• Exercise prompt
Repeat every line of the data exactly; the pictures stay out.

• Material provided
++++++++

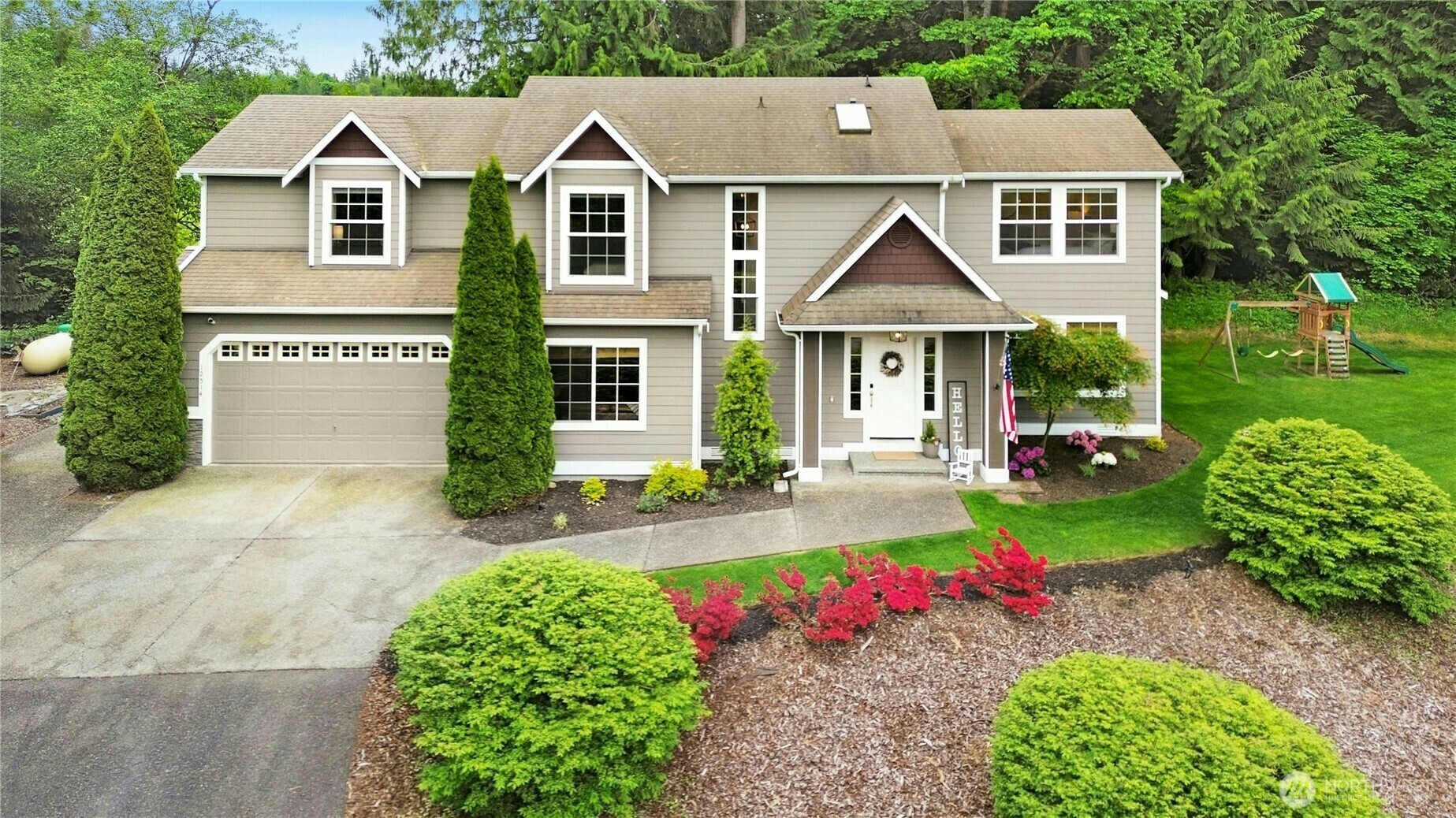Property Photo: 12514 80th Street SE WA 98290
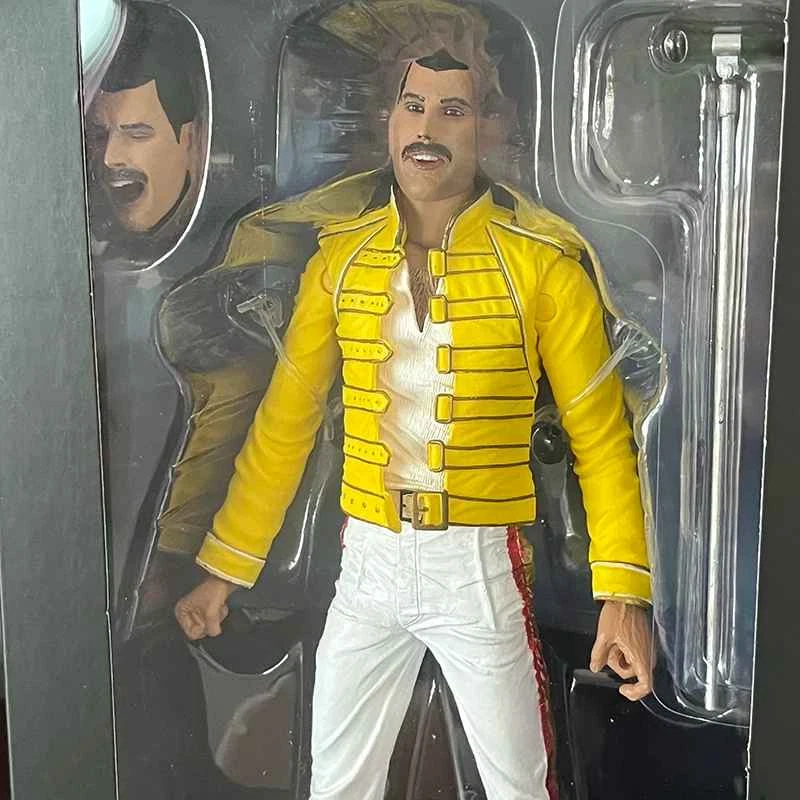 ✅QUEEN FREDDIE MERCURY LIVE AT WEMBLEY STADIUM ACTION FIGURE  18 CM con scatola - Immagine 2 di 4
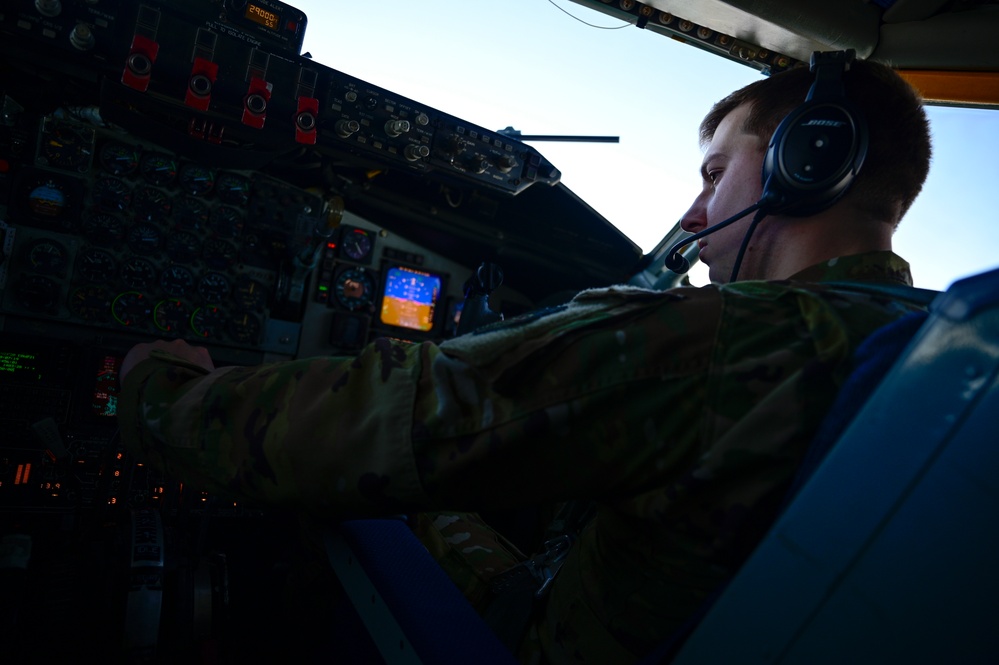 91st EARS refuel AC-130 gunship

++++++++

• Response to the exercise
Property Photo: 12514 80th Street SE WA 98290
 ✅QUEEN FREDDIE MERCURY LIVE AT WEMBLEY STADIUM ACTION FIGURE  18 CM con scatola - Immagine 2 di 4
 91st EARS refuel AC-130 gunship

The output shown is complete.